Who Controls the Internet? Illusions of a Borderless World is a 2006 book by Jack Goldsmith and Tim Wu that offers an assessment of the struggle to control the Internet. Starting with a discussion of the early vision of a borderless global community, the authors present some of the most prominent individuals, ideas and movements that have played key roles in developing the Internet. As law professors at Harvard and Columbia, respectively, Goldsmith and Wu assert the important role of government in maintaining Internet law and order while debunking the claims of techno-utopianism that have been espoused by theorists such as Thomas Friedman.
Goldsmith and Wu conclude that the importance of governmental coercion on the Internet has been seriously underestimated, writing that "the failure to understand the many faces and facets of territorial governmental coercion is fatal to globalization theory as understood today, and central to understanding the future of the Internet" (184).
The book has three parts.
The authors discuss the early days of the Internet through the 1990s, when Julian Dibbell and John Perry Barlow articulated a vision of free Internet that gained wide currency in the public imagination. The Electronic Frontier Foundation worked to protect the Internet from regulation in the belief that a free online community might unite people and eliminate the need for government. Jon Postel was the ultimate authority over Internet domain names.

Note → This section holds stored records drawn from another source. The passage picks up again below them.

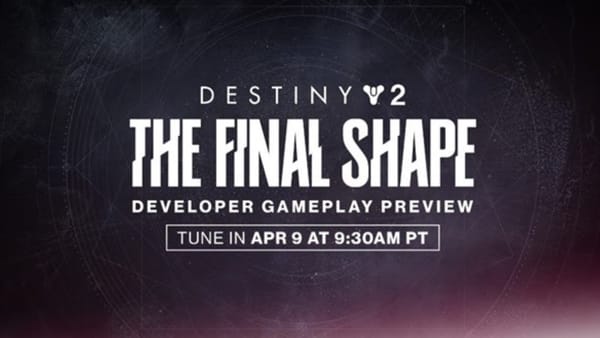 Tune-in for a developer gameplay preview of Destiny 2: The Final Shape on April 9th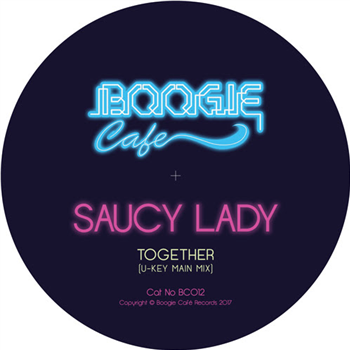 Saucy Lady - Together EP - Boogie Cafe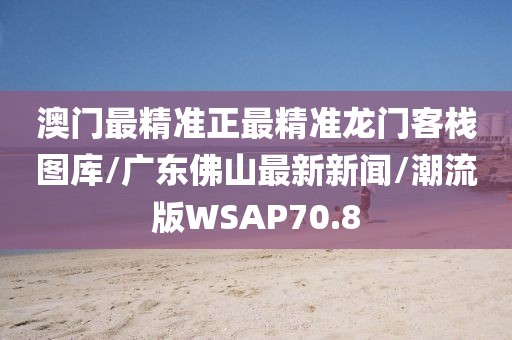 澳门最精准正最精准龙门客栈图库/广东佛山最新新闻/潮流版WSAP70.8
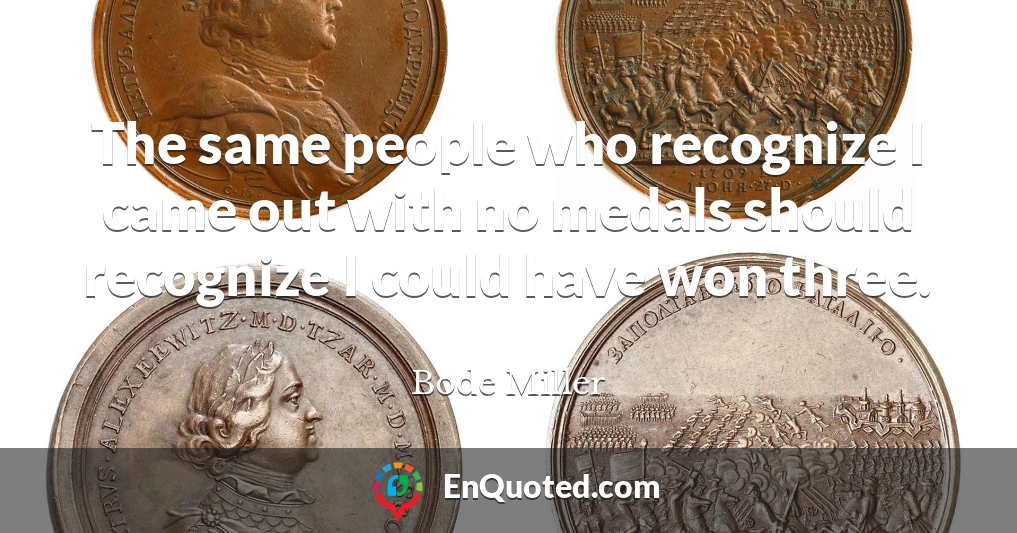 The same people who recognize I came out with no medals should recognize I could have won three.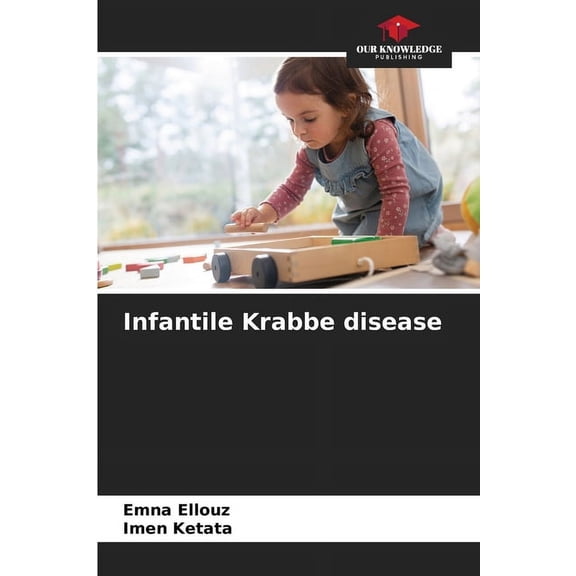 Infantile Krabbe disease, (Paperback)
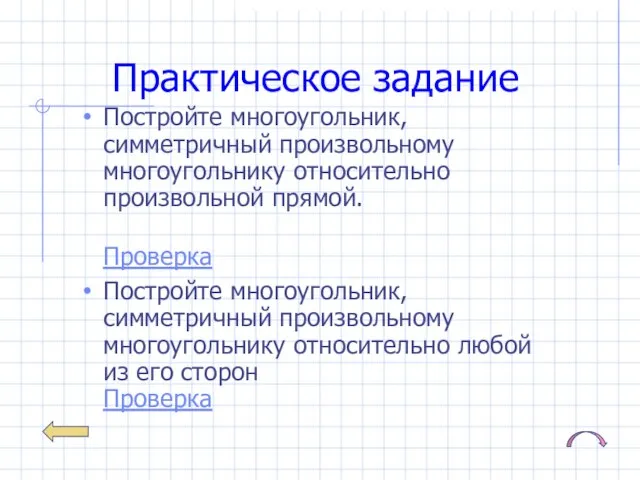 Практическое задание Постройте многоугольник, симметричный произвольному многоугольнику относительно произвольной прямой. Проверка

Goldsmith and Wu describe key changes in control over the Internet that occurred in the 1990s, beginning with consolidation of power by the U.S. Department of Defense (DoD) in the 1990s. A DoD subcontractor called Network Solutions, Inc., became the ultimate authority over Internet naming conventions in 1991. Although Postel remained functionally in control for a few more years, "the transfer of partial authority to Network Solutions was a crucial turning point in Internet history. For the first time, administration of part of the Internet's naming system would be in the hands of a for-profit company" (35).
In 1995, Network Solutions began charging individuals to register domain names. This brought the company, which had a monopoly on issuing domain names, large profits. When the International Ad Hoc Committee, set up by the Internet Society, released an "Internet Constitution" in 1997, they met with hostility from the U.S. government and were ultimately thwarted (41–43).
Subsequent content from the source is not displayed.